> [Action item]: Transcribe the listing underneath, keeping each word exact and omitting the images.

##########

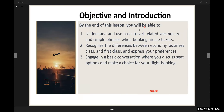By the end of this lesson, you will be able to understand and use basic travel-related vocabulary and simple phrases when booking airline tickets. You will recognize the differences between economy, business class, and first class, and express your preferences. You will also engage in basic conversation discussing seat options and make a choice for your flight booking.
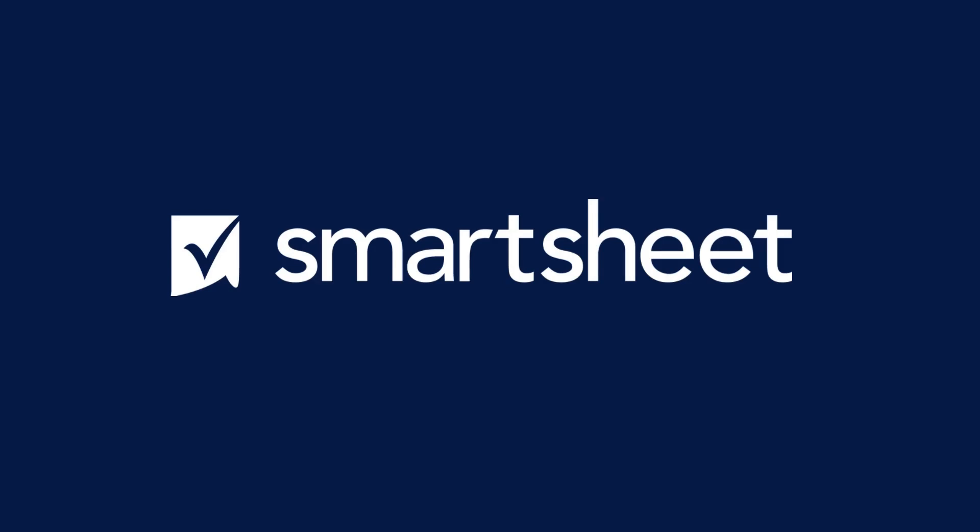Elevate your business planning process and achieve your goals faster with Smartsheet.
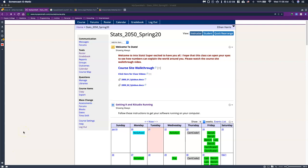Hey guys, I am just going to take a couple of minutes and do a walkthrough of how to get R and RStudio up and running on a Mac.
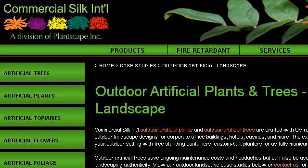You can also try www.commercialsilk.com, especially the page 'Outdoor Artificial Plants and Trees — Artificial Outdoor.'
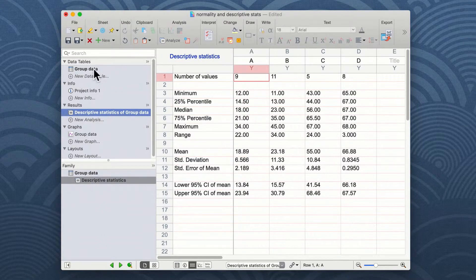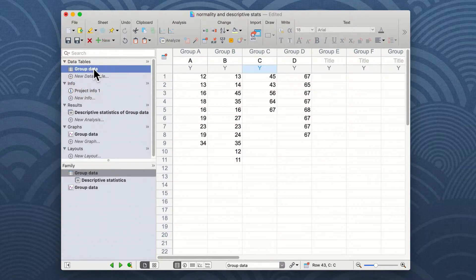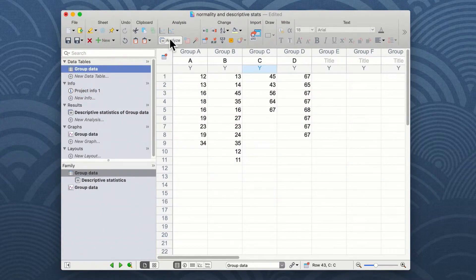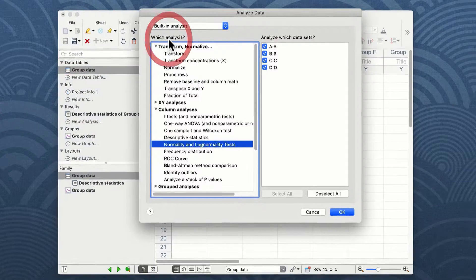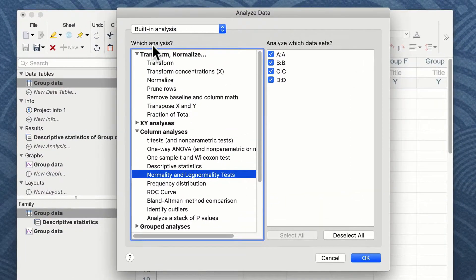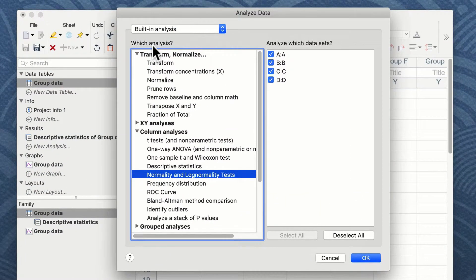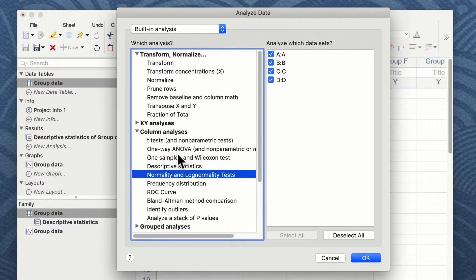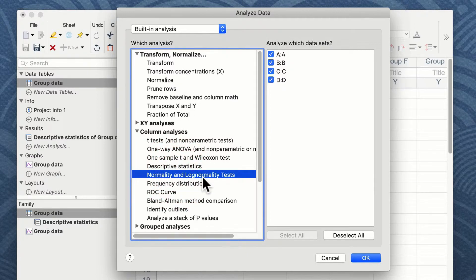We're going to return to our group data table, and we're then going to click again on the analyze button. Once more, the analyze data window appears, and from the left-hand side we choose normality and lognormality tests.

##########

> [Exercise response]:
By the end of this lesson, you will be able to understand and use basic travel-related vocabulary and simple phrases when booking airline tickets. You will recognize the differences between economy, business class, and first class, and express your preferences. You will also engage in basic conversation discussing seat options and make a choice for your flight booking.
Elevate your business planning process and achieve your goals faster with Smartsheet.
Hey guys, I am just going to take a couple of minutes and do a walkthrough of how to get R and RStudio up and running on a Mac.
You can also try www.commercialsilk.com, especially the page 'Outdoor Artificial Plants and Trees — Artificial Outdoor.'
We're going to return to our group data table, and we're then going to click again on the analyze button. Once more, the analyze data window appears, and from the left-hand side we choose normality and lognormality tests.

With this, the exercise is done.